***** DATA TO EXAMINE *****

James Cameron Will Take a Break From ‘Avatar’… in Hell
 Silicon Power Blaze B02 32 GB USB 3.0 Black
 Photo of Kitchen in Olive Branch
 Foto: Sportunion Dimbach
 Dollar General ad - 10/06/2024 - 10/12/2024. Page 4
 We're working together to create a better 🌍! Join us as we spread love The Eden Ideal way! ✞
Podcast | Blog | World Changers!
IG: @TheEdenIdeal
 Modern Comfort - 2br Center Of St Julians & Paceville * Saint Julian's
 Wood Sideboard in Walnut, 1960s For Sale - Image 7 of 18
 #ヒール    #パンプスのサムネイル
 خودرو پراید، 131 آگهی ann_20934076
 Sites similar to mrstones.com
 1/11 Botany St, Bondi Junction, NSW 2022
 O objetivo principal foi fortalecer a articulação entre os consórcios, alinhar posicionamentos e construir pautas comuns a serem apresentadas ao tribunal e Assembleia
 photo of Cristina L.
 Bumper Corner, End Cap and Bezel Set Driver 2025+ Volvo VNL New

*****

> [WHAT NEEDS TO BE DONE]
Write out every record above, word for word.

> [WRITTEN SOLUTION]
James Cameron Will Take a Break From ‘Avatar’… in Hell
 Silicon Power Blaze B02 32 GB USB 3.0 Black
 Photo of Kitchen in Olive Branch
 Foto: Sportunion Dimbach
 Dollar General ad - 10/06/2024 - 10/12/2024. Page 4
 We're working together to create a better 🌍! Join us as we spread love The Eden Ideal way! ✞
Podcast | Blog | World Changers!
IG: @TheEdenIdeal
 Modern Comfort - 2br Center Of St Julians & Paceville * Saint Julian's
 Wood Sideboard in Walnut, 1960s For Sale - Image 7 of 18
 #ヒール    #パンプスのサムネイル
 خودرو پراید، 131 آگهی ann_20934076
 Sites similar to mrstones.com
 1/11 Botany St, Bondi Junction, NSW 2022
 O objetivo principal foi fortalecer a articulação entre os consórcios, alinhar posicionamentos e construir pautas comuns a serem apresentadas ao tribunal e Assembleia
 photo of Cristina L.
 Bumper Corner, End Cap and Bezel Set Driver 2025+ Volvo VNL New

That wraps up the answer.